Only the lines from the one containing "Apartamento alugar em" through the one containing "CD 914 045 kommt" should be printed, exactly as they appear below, with both ends included.

:: Task input ::
◆ ◆ ◆ ◆ ◆

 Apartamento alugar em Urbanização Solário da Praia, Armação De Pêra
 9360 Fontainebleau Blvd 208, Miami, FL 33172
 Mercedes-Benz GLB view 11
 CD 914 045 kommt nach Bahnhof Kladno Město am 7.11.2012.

◆ ◆ ◆ ◆ ◆

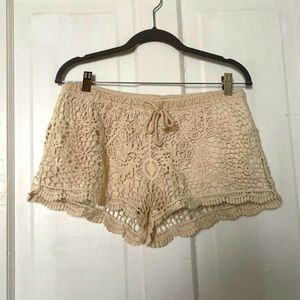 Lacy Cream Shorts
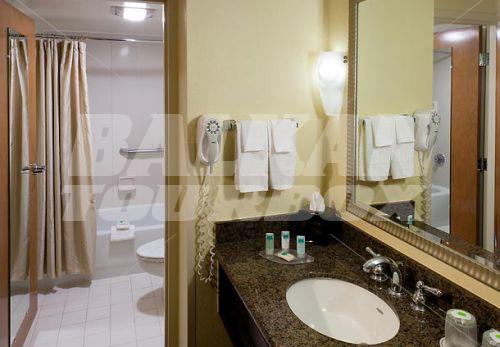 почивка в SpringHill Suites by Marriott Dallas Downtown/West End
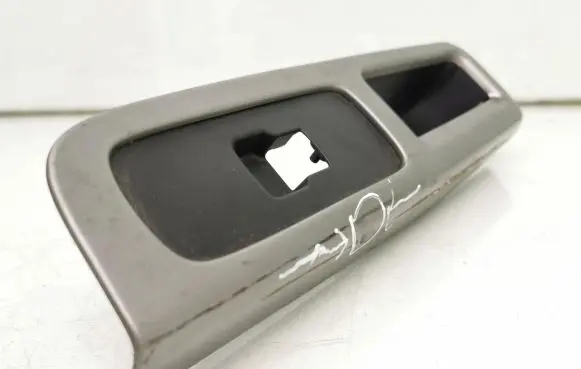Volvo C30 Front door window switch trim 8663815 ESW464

◆ ◆ ◆ ◆ ◆

:: Answer to this problem ::
 Apartamento alugar em Urbanização Solário da Praia, Armação De Pêra
 9360 Fontainebleau Blvd 208, Miami, FL 33172
 Mercedes-Benz GLB view 11
 CD 914 045 kommt nach Bahnhof Kladno Město am 7.11.2012.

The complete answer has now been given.